If the above-ground portion of both root and tuber crops look healthy then you can only assume that everything below ground is fine. Barring bad soil and insect infestation harvest should be great. Storing these crops after harvest is not as difficult as you might think and most will keep for months.
It is possible to leave crops like potatoes, beets, carrots, turnips and onions in the ground until frost begins to damage the plant tops. You should immediately pull them from the round when the frost arrives to avoid losing the harvest. This gives you a while to simply enjoy pulling them to use as necessary. They are very hearty plants and can withstand cold well.
Proper Ground Harvesting
When you do harvest these crops from the ground you should use a spade or fork and gently dig them up. Cut the tops of the plants down to ½-inch and no less. You can rub off the excess dirt, but do not wash them until you plan to use them. Do not strip away the roots as it helps retain the nutrients and keeps them from spoiling right away. They need to be kept at 32 to 40 degrees F and humidity of 90 to 95%.

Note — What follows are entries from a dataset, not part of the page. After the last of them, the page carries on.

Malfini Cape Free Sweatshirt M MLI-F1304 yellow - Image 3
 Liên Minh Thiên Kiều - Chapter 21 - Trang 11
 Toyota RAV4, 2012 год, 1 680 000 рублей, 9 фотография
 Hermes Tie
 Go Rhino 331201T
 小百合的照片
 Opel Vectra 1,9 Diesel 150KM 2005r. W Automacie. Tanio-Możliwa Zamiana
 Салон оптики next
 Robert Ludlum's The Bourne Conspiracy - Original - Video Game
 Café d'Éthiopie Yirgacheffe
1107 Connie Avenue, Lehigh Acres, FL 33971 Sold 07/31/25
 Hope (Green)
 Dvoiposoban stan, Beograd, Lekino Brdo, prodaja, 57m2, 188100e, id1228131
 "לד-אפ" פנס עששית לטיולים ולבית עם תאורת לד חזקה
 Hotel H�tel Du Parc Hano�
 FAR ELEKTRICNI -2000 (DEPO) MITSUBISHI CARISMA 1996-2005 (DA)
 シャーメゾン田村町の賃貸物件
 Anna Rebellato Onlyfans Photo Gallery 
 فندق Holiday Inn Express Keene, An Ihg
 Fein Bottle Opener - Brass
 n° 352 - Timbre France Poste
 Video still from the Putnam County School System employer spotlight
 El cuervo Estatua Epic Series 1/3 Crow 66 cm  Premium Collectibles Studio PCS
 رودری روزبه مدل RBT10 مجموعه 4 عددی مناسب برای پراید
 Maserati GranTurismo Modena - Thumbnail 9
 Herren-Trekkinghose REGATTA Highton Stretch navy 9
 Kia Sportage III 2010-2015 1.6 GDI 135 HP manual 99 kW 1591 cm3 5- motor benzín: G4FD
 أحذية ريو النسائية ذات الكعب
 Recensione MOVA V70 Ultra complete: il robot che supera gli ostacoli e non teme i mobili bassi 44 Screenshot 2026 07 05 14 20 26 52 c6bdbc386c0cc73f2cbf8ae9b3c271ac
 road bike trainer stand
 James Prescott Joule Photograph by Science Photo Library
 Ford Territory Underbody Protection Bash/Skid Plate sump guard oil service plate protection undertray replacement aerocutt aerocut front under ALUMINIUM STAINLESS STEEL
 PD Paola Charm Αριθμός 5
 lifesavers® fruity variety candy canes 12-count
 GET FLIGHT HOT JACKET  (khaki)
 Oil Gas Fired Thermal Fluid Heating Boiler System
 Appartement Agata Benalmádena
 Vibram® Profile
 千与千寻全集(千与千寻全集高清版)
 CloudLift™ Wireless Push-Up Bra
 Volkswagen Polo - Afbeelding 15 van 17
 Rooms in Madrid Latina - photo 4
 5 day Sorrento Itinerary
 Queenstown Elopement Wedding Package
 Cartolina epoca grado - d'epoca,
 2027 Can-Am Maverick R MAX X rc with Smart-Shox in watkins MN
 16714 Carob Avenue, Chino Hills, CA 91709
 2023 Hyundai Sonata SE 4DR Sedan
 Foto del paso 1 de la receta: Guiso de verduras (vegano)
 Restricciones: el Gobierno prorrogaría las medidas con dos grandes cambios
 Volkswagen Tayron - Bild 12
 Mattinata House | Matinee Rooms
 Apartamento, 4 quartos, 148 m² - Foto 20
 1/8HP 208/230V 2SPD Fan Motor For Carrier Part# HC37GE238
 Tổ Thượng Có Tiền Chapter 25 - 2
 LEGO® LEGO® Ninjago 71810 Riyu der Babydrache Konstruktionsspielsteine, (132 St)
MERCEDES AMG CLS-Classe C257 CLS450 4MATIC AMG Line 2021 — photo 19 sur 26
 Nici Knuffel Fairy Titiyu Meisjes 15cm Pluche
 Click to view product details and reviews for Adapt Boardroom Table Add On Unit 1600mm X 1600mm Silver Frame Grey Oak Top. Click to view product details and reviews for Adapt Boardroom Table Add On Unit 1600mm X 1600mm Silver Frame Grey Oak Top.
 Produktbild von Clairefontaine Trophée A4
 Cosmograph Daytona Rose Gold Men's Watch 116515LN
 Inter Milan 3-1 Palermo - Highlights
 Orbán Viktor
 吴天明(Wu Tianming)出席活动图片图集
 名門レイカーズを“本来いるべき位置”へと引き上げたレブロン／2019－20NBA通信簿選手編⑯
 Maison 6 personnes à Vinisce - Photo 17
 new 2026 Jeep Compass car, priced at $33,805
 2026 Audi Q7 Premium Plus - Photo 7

The easiest way to store these vegetables in the refrigerator is to place like ones in a freezer bag in a single layer. It is even better if you can store them in vacuum bags to remove as much air as possible. You can stack these bags on any shelf in your refrigerator and use as you need them. Check them each month to make sure that there are no signs of rotting. They should become sweeter and richer as they sit and age.
Moist Sand Storage
Add 3 or 4 inches of moist sand to the bottom of a 5-gallon bucket. Add the desired vegetables you are wanting to store and cover with moist sand. Simply pull them as you need them. They can be stored for months in the basement with this method. It is a great way to have fresh vegetables all winter long. This is how the term “root cellar” came about.